When an object's reference counter reaches 0, it becomes garbage, and therefore has to be destroyed. The GC pushes this object onto the garbage stack.

Each reference update causes destruction of DESTRUCTION_COUNT * CHECKPHASE_RATIO objects from the garbage stack.

During the checkphase, the GC decides that it needs to run a collection cycle if:

new CHECKPHASE_RATIO is greater than GC_CYCLE_THRESHOLD.
or the collection cycle hasn't been run for GC_CYCLE_CHECKSPHASES_LIMIT checkphases.

If a decision to run a collection cycle is taken, the GC does the following:

destroys all objects on the garbage stack.
runs a simple mark & sweep cycle to break reference cycles.

To implement this, the GC maintains a set of objects that have been created. When an object is destroyed, it is removed from this set. When a GC collection cycle is run:

The roots are globals and locals (objects reachable from any active scope, the objects stack, or any other similar source). Functions and types are always alive do not reference any objects other then themselves, and therefore they are not processed during garbage collection. The roots are taken from all loaded modules.

Environment

An environment is a data structure assigned to each module. It holds all the variables created in that module, and implements lookup function.

An environment also contains all exported objects of the module, and lets other modules use those objects.

Global variables

Global variables are stored in the module's environment.

VM

To execute a program, it first has to be converted to a list of simple instructions, which will be then executed by the VM.

An instruction is an structure that contains details of how some action has to be executed. A MoLaVM instruction is made of:

Instruction code. Denoted as inscode(ins).
The name of the file which caused the instruction to be generated.
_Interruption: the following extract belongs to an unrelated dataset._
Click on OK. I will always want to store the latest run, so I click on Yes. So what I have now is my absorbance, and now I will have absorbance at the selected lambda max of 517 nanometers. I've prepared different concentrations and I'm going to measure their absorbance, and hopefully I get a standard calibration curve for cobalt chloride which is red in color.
Denoted as insfile(ins).
The line number in the file which caused the instruction to be generated. Denoted as insline(ins).
Arguments of the instruction, packed into it during its creation. Denoted as insarg_i(int), where i is the index of the argument.
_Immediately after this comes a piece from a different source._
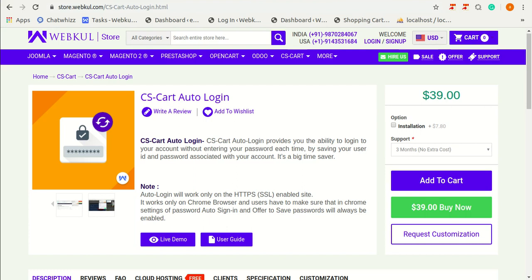The main point for this Auto Login add-on is that this Auto Login will work only on the HTTPS enabled sites and it will work on Chrome browsers. Users have to make sure that in Chrome settings of password, auto-sign-in and offer to save password will always be enabled.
Instructions of a module are stored in a single list. Instructions from new modules are appended to the end of the list. A module structure stores the absolute offset of the first instruction of that module in the list.

An instruction may access the arguments stack. By convention:

"Runtime" arguments of the instruction have to be pushed on the stack.
Any instruction that requires arguments takes them and removes them from the stack before executing actual operation. This way memory leaks are prevented when returning / catching an error.
The execution result of the instruction has to be pushed on the stack, unless it is absent.

Structures:

Objects stack (arguments stack). Contains objects that are indended to be used as arugments in the instructions.
A stack of registered error handlers. Each handler (a catch block) is a tuple of:
- error code.
- absolute offset (of the catch block) to where the program has to jump.
- the number of elements on the stack before the try block was executed. the stack is rollbacked to this state.
- the current scope pointer.

The following is the list of MoLaVM instructions with their descriptions.

`POP`

The stack must contain an object. Pops an object from the stack. Signals an InternalError if the stack is empty.

`SWAP`

The stack must contain 2 objects.

Swaps two top elements on the stack. Signals an InternalError if there are less than 2 objects on the stack.

`CREATE_ENV`

Creates a new environment. The environment gets assigned an id, which is later used to switch to that environment. This id is assigned during runtime. The root program get's assigned the id of 0.

`SWITCH_ENV_INS`

Switches the current environment to the environment of the module where this instruction is located.

`SWITCH_ENV_OBJ`

The stack must contain an object which is a function. Switches the current environment to the environment of the function located on the stack.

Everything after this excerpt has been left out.